L'ancien ministre du Budget, Jérôme Cahuzac, au coeur du plus gros scandale de l'ère Hollande, répond mercredi aux questions des députés sur ce que savait le gouvernement de son compte caché à l'étranger en dépit de ses mensonges répétés à chacun des acteurs concernés.

L'ancien orateur vedette de l'Assemblée nationale reviendra à cette occasion pour la première fois au Palais Bourbon, après avoir abandonné son siège de député sous les lazzi mi-avril.

Cette audition devant la commission d'enquête parlementaire sur d'éventuels dysfonctionnements de l'État entre les révélations de Mediapart le 4 décembre 2012 et les aveux de M. Cahuzac le 2 avril 2013 sera également sa première intervention publique depuis son mea culpa télévisé, le 16 avril.

Grave et contrit, il avait évoqué dans cet entretien retransmis par BFM-TV sa «part d'ombre» et avait reconnu avoir «commis une folle bêtise, une folle erreur», affirmant qu'il n'aurait pas dû accepter en mai 2012 le poste de ministre délégué au Budget que lui proposait François Hollande.

Mais il s'était montré moins disert pour mettre hors de cause le chef de l'État ou son ministre de tutelle, à l'Économie, Pierre Moscovici. À propos de M. Hollande, il s'était borné à dire: «j'ignore quel était son niveau de connaissance de cette affaire. Ce que je veux dire, c'est que à lui, comme au premier ministre, comme à Pierre Moscovici, je n'ai pas dit la vérité».

C'est pourtant sur ce que pouvait savoir Bercy, le ministère de l'Intérieur et celui de la Justice, ainsi que Matignon et l'Élysée bien sûr que la commission enquête.

«Notre mission est de savoir s'il y a eu entre le 5 décembre et le départ de Jérôme Cahuzac (du gouvernement, le 19 mars, ndlr), dans le cheminement de l'État, des dysfonctionnements ou non et savoir si telle ou telle décision aurait entravé le travail de la justice», a expliqué à l'AFP le rapporteur de la commission, le socialiste Alain Claeys.

L'ancien ministre «est resté acteur de l'appareil de l'État, il sera intéressant d'avoir son sentiment, son analyse sur ce qui s'est passé durant cette période», a-t-il estimé.

Muraille de Chine

Et ceci même si une «muraille de Chine» avait été érigée avec l'administration fiscale dès le 10 décembre empêchant le ministre du Budget d'avoir la moindre information sur l'enquête administrative le concernant menée par la Direction générale des Finances publiques.

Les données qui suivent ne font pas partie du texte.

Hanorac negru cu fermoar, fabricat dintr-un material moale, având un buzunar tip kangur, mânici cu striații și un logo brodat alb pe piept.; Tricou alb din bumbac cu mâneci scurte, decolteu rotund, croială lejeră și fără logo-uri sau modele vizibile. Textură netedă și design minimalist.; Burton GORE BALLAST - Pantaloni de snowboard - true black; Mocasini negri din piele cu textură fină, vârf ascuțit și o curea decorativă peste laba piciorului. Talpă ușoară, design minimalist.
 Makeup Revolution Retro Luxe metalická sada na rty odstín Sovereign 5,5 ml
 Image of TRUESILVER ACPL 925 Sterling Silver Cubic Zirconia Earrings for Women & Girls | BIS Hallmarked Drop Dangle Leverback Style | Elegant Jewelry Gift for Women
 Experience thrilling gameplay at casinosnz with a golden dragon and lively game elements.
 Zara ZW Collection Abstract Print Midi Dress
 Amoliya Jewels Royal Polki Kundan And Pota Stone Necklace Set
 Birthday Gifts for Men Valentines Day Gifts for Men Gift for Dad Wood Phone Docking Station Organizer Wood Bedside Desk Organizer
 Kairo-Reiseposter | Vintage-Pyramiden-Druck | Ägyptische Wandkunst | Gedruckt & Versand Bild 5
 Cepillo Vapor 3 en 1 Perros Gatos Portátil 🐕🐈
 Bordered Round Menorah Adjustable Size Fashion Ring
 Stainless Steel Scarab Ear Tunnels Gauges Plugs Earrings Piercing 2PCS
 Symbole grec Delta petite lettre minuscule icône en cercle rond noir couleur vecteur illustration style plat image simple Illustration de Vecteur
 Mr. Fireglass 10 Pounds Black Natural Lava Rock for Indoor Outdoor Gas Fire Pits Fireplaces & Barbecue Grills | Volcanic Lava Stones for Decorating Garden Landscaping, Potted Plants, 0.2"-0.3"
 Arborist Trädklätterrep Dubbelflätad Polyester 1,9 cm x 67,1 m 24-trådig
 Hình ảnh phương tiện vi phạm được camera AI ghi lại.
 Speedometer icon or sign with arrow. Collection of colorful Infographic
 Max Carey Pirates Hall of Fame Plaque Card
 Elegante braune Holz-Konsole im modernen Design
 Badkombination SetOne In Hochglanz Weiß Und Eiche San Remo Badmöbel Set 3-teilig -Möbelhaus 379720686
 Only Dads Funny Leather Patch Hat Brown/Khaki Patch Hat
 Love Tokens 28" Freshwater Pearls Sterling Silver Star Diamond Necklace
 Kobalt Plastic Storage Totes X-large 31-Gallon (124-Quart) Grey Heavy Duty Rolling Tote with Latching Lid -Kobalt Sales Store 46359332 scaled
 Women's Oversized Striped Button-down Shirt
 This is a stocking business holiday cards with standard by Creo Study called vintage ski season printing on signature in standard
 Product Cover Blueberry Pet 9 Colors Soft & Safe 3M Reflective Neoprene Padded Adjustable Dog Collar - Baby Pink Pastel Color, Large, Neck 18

La commission cherche notamment à savoir si cette enquête a été menée avec suffisamment de diligence et sans complaisance pour M. Cahuzac, étant donné la gravité des accusations de Mediapart.

Le député a rappelé que l'instance n'était «ni juge ni procureur» et ne se substituait pas à l'action judiciaire, mais que les personnes auditionnées s'exprimaient néanmoins sous serment. Des informations découvertes dans le cadre de ce type d'auditions peuvent être transmises à la justice.

Présidée par le centriste Charles de Courson, la commission a déjà auditionné depuis le 21 mai nombre de hauts fonctionnaires de Bercy, les directeurs de cabinet de Jérôme Cahuzac et du ministre de l'Économie Pierre Moscovici, mais aussi Fabrice Arfi, le journaliste qui a révélé l'histoire, et le directeur de Mediapart, Edwy Plenel.

Parallèlement, plusieurs acteurs locaux ont également été entendus, notamment Michel Gonelle, battu par Jérôme Cahuzac aux municipales de Villeneuve-sur-Lot (Lot-et-Garonne) en 2001, mais aussi l'ancien juge anti-terroriste Jean-Louis Bruguières, candidat malheureux contre M. Cahuzac aux législatives de 2007.

Tous deux ont été en possession de l'enregistrement qui a constitué la pièce centrale du dossier et dans lequel on entend une voix attribuée à M. Cahuzac évoquer un compte secret à l'UBS, qu'il qualifie de «pas la plus planquée des banques». Entendu le premier jour des auditions de la commission, M. Gonelle doit être à nouveau entendu début juillet, après avoir été contredit à plusieurs reprises par d'autres témoins.

Les ministres de l'Économie, Pierre Moscovici, de la Justice Christiane Taubira et de l'Intérieur Manuel Valls devraient être auditionnés «après le 14 juillet», a assuré M. Claeys à l'AFP, en précisant que les dates n'étaient pas encore complètement calées.

Le rapport de la commission doit être rendu au mois de septembre.